Ubuntu
base-files package

  1. Bug #13795
  2. Comment #60

Comment 60 for bug 13795

Revision history for this message
Debian Bug Importer (debzilla) wrote :

Message-Id: <email address hidden>
Date: Mon, 21 Mar 2005 06:55:58 +1100
From: <email address hidden>
To: <email address hidden>, <email address hidden>
Subject: Re: Bug#299007: base-files: Insecure PATH

Manoj Srivastava <email address hidden> wrote:

>> Sorry, but that is not the issue. The attacked machine would not be
>> an exporter, but a mounter of user files.
>
> Umm. The exporter is the one that got attacked, since it has
> the data. every other user that mounts the file system is collateral
> damage.

As far as the exporter is concerned, the creation of a setgid-staff object
may be perfectly legitimate: it may have group staff == GID 50 as a
"normal" user group; it may not have any "local" users or user access; it
may have the exported tree contained within a filesystem mounted nosuid.
(The exporter may be a NetworkAttachedStorage device without any
understanding of users or groups, and without an attackable operating
system.) The exporter is protected against root attacks by its use of
root_squash. It is the "collateral damage" on the mounters, through the
root-equivalence of group staff, that is a root attack.

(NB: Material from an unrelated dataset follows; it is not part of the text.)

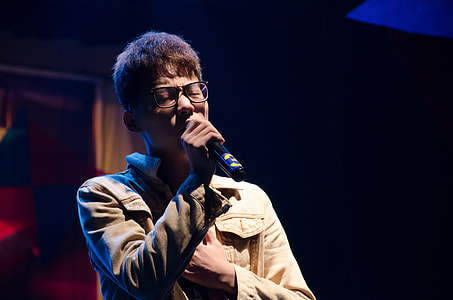 person wearing white dress shirt holding a microphone singing thumbnail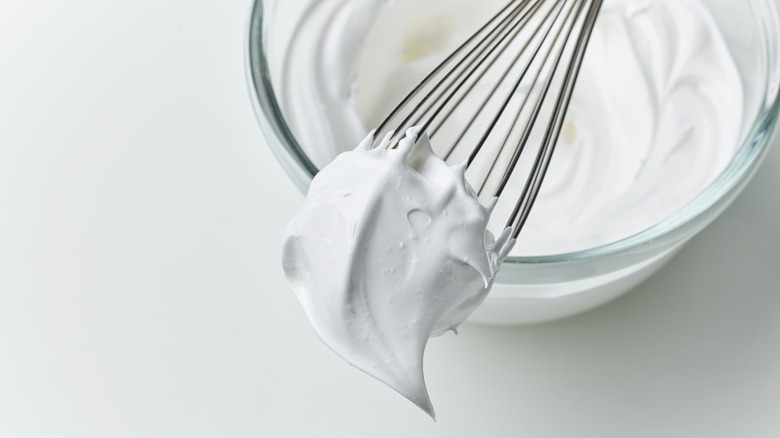 Bowl of whipped cream and a whisk with cream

It is the responsibility of (the manager of) the mounter machine to protect
its (own) security, regardless of any attacks on other mounters on on the
exporter.

>> Suppose I have a bunch of machines, that "share" user files: all
>> NFS-mount /users (containing user home directories
>> /users/*). Getting root on any one of this bunch of machines would
>> allow me to create a setgid-staff file; or maybe I could mess around
>> with the .bashrc of a user in group staff.
>
> I think you did not bother to read my response, since I
> explicitly stated that there is no reason to have /home writable by
> user staff.

I used the name /users, not /home; whether either is group-staff-writable
is irrelevant.

In my example, I properly and legitimately own /users/psz. If I can "get"
group staff on one machine (e.g. because I "got root" there) then I can
create a setgid-staff file /users/psz/attack and "get root" on any other
Debian mounters.

(In my humble opinion having /home group-staff-writable is ugly and
useless, Bill's /home/debs example notwithstanding; but I agree that it is
not a security risk. I only ever mentioned /home because it features in the
justification for the existence of group staff. As far as I see, /home is
not mentioned in the policy.)

>> Arguments about exports with squash_gids are moot: many NFS
>> exporters do not have that option; and non-Debian exporters would
>> not know or care about group staff.
>
> Umm, non-debian exporters are not covered by policy, and thus
> we do not care about them. And since this is not a client side thing
> at all, this line of argument is just noise.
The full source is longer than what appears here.